Raw data.
******************************

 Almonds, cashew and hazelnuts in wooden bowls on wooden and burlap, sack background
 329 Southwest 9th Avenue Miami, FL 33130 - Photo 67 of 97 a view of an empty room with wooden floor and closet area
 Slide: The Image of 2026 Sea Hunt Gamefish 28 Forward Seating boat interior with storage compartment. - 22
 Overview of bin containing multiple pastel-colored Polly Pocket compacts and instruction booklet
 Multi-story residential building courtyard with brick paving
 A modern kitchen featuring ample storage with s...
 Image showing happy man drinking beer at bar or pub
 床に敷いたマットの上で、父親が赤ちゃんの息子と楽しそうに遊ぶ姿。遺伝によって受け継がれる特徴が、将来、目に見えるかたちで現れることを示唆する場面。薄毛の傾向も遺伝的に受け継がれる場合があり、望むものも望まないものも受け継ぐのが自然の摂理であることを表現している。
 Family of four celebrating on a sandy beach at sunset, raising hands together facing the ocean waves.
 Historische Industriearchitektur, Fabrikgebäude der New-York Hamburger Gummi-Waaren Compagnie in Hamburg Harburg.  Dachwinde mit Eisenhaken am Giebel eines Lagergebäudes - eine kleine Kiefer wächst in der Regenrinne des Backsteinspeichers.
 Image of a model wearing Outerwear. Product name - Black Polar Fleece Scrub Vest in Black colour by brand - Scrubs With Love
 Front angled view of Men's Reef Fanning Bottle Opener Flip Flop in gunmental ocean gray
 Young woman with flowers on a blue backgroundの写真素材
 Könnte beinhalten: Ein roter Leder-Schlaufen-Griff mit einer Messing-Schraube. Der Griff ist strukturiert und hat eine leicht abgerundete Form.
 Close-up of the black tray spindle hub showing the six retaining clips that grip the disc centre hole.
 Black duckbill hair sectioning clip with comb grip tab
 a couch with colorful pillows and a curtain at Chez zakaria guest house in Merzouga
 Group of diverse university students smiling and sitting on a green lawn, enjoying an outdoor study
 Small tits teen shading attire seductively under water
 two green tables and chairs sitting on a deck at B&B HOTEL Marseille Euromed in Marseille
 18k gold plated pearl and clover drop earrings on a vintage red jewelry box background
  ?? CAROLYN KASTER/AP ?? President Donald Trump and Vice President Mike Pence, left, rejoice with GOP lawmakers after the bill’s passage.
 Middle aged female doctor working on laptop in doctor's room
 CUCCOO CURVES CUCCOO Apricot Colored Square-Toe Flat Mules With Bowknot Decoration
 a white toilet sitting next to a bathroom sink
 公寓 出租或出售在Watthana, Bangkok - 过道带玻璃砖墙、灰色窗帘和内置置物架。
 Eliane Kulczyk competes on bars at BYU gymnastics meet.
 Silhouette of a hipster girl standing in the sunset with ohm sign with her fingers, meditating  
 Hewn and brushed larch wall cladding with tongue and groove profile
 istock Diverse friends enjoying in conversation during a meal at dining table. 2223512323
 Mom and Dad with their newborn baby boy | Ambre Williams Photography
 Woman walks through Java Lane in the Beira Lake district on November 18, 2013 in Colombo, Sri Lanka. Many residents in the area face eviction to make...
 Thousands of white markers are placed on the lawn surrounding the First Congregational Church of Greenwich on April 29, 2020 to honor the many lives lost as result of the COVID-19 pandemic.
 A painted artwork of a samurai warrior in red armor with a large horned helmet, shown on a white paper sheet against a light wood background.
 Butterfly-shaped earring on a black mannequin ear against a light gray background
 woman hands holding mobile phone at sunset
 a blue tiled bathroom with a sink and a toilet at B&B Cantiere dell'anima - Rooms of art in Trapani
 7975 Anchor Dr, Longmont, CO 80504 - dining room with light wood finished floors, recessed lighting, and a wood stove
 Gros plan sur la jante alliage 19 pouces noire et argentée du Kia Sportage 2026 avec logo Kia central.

******************************

Requirement. Beginning at the opening line of the data, transcribe each line exactly until you reach the line with "Slide: The Image", which you also include, and go no further.

Answer space.
 Almonds, cashew and hazelnuts in wooden bowls on wooden and burlap, sack background
 329 Southwest 9th Avenue Miami, FL 33130 - Photo 67 of 97 a view of an empty room with wooden floor and closet area
 Slide: The Image of 2026 Sea Hunt Gamefish 28 Forward Seating boat interior with storage compartment. - 22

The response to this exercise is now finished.